TASK ITEM =>
Pick the lines holding the string "sale" out of the records and copy them.

(Recorded data)
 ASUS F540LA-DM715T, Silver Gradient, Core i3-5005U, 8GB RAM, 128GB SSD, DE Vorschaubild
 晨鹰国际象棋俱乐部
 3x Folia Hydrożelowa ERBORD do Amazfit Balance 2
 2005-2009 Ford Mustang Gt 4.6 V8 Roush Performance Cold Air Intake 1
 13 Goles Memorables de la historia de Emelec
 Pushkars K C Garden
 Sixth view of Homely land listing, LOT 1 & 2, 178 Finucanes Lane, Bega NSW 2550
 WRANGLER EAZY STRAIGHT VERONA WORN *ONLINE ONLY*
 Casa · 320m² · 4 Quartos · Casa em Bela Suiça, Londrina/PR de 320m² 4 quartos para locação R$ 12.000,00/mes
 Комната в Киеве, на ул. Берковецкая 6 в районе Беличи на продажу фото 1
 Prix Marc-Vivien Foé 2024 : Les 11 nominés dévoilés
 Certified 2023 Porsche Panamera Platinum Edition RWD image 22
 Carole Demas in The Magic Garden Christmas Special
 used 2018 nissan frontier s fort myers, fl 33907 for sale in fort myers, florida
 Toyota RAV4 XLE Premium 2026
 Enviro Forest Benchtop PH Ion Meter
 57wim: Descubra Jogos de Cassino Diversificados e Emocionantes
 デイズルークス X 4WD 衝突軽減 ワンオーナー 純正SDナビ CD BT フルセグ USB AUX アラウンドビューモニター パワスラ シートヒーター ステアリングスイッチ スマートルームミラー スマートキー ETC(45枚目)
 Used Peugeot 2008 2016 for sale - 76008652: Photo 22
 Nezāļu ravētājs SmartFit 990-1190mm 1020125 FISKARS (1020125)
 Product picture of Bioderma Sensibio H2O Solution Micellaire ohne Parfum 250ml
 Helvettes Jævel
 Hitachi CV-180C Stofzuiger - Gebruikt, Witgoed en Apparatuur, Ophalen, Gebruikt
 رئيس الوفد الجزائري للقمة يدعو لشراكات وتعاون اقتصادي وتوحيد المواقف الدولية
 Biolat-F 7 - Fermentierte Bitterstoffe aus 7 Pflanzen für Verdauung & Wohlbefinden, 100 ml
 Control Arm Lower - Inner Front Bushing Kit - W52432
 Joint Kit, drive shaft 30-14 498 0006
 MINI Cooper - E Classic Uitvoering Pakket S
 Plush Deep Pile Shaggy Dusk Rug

SOLUTION =>
 used 2018 nissan frontier s fort myers, fl 33907 for sale in fort myers, florida
 Used Peugeot 2008 2016 for sale - 76008652: Photo 22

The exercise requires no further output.